---------- TASK MATERIAL ----------
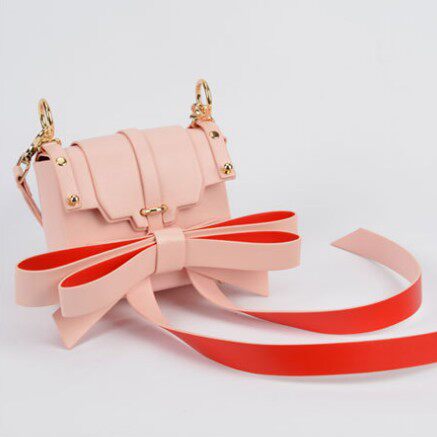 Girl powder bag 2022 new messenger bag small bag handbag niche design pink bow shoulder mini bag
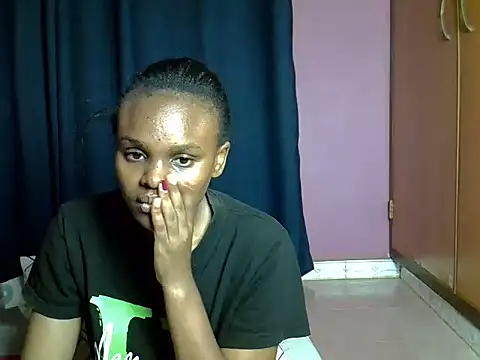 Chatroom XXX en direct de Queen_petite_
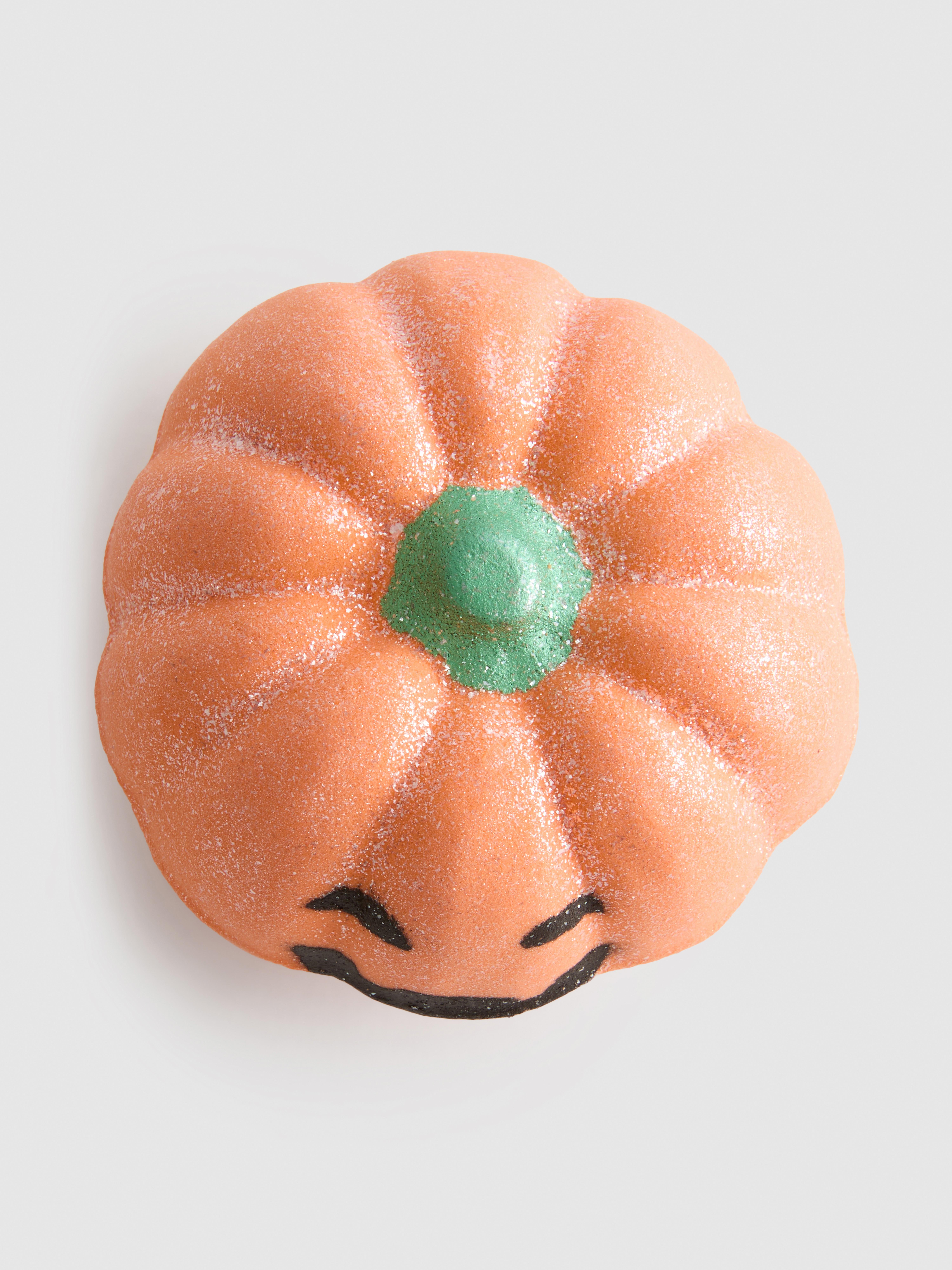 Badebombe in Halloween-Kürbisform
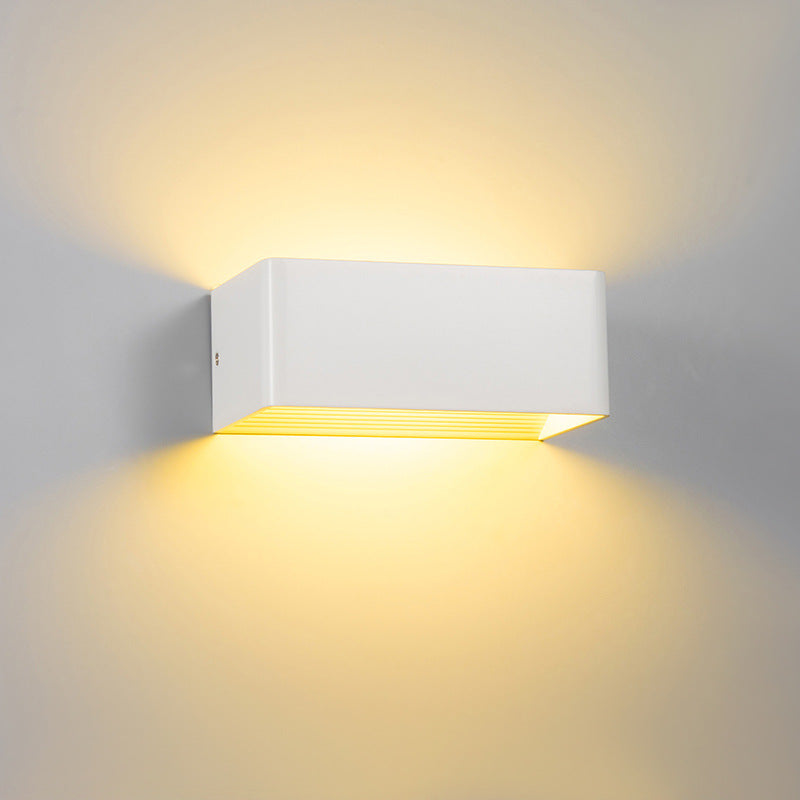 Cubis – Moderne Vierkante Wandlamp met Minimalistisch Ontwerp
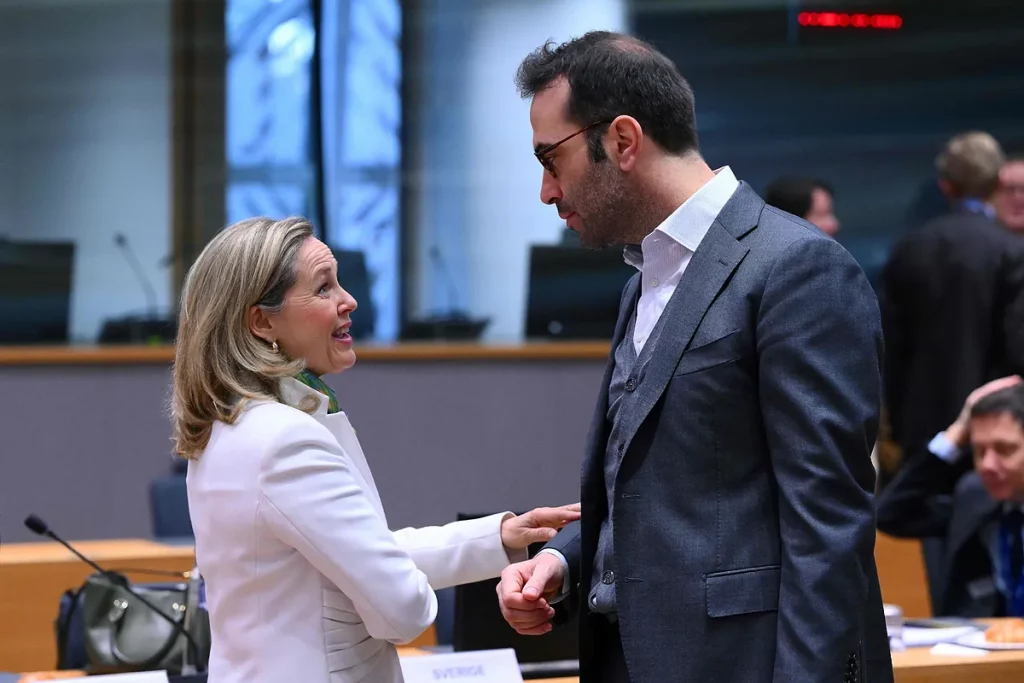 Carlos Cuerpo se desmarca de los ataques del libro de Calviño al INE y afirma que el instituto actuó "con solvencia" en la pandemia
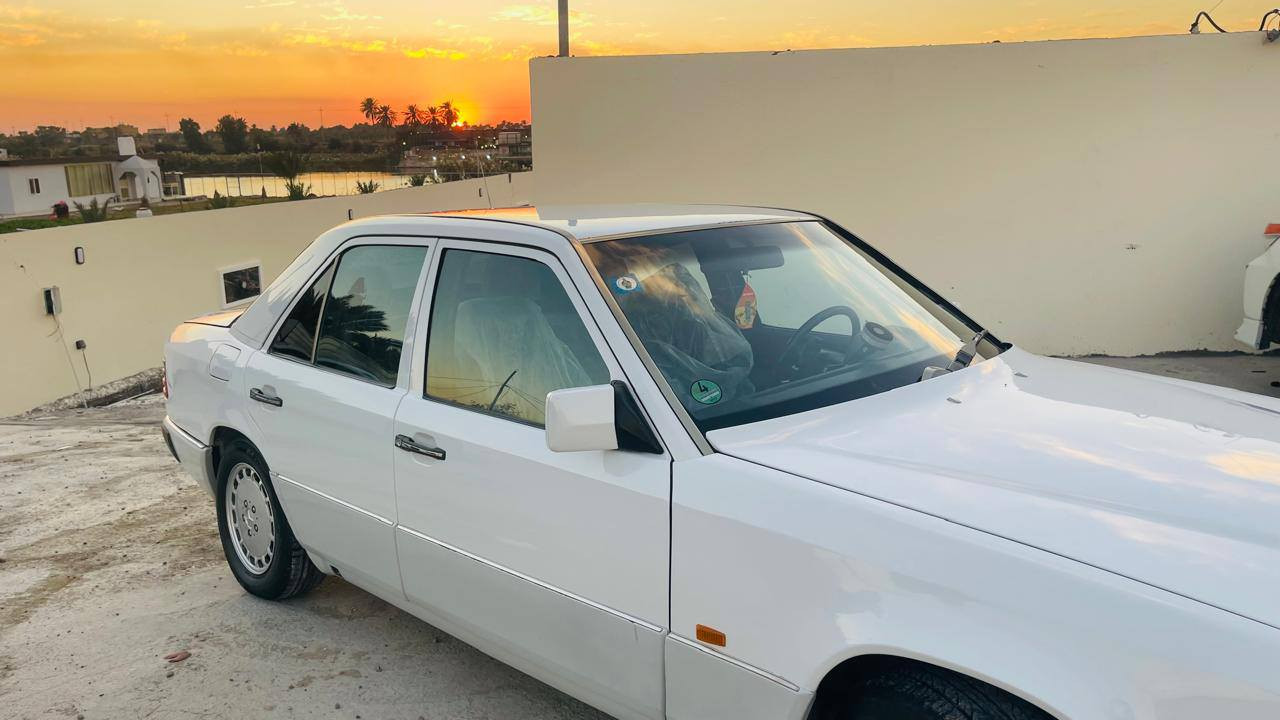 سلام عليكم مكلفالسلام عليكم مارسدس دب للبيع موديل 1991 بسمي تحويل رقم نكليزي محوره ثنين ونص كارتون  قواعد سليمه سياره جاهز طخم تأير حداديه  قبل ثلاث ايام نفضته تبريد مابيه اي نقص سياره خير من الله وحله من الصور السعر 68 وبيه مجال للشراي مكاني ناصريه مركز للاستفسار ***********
----------
* **WHAT THE TASK ASKS**: Could you set down every entry again exactly as written, leaving out any pictures?

* **OUTPUT OF THE EXERCISE**:
 Girl powder bag 2022 new messenger bag small bag handbag niche design pink bow shoulder mini bag
 Chatroom XXX en direct de Queen_petite_
 Badebombe in Halloween-Kürbisform
 Cubis – Moderne Vierkante Wandlamp met Minimalistisch Ontwerp
 Carlos Cuerpo se desmarca de los ataques del libro de Calviño al INE y afirma que el instituto actuó "con solvencia" en la pandemia
 سلام عليكم مكلفالسلام عليكم مارسدس دب للبيع موديل 1991 بسمي تحويل رقم نكليزي محوره ثنين ونص كارتون  قواعد سليمه سياره جاهز طخم تأير حداديه  قبل ثلاث ايام نفضته تبريد مابيه اي نقص سياره خير من الله وحله من الصور السعر 68 وبيه مجال للشراي مكاني ناصريه مركز للاستفسار ***********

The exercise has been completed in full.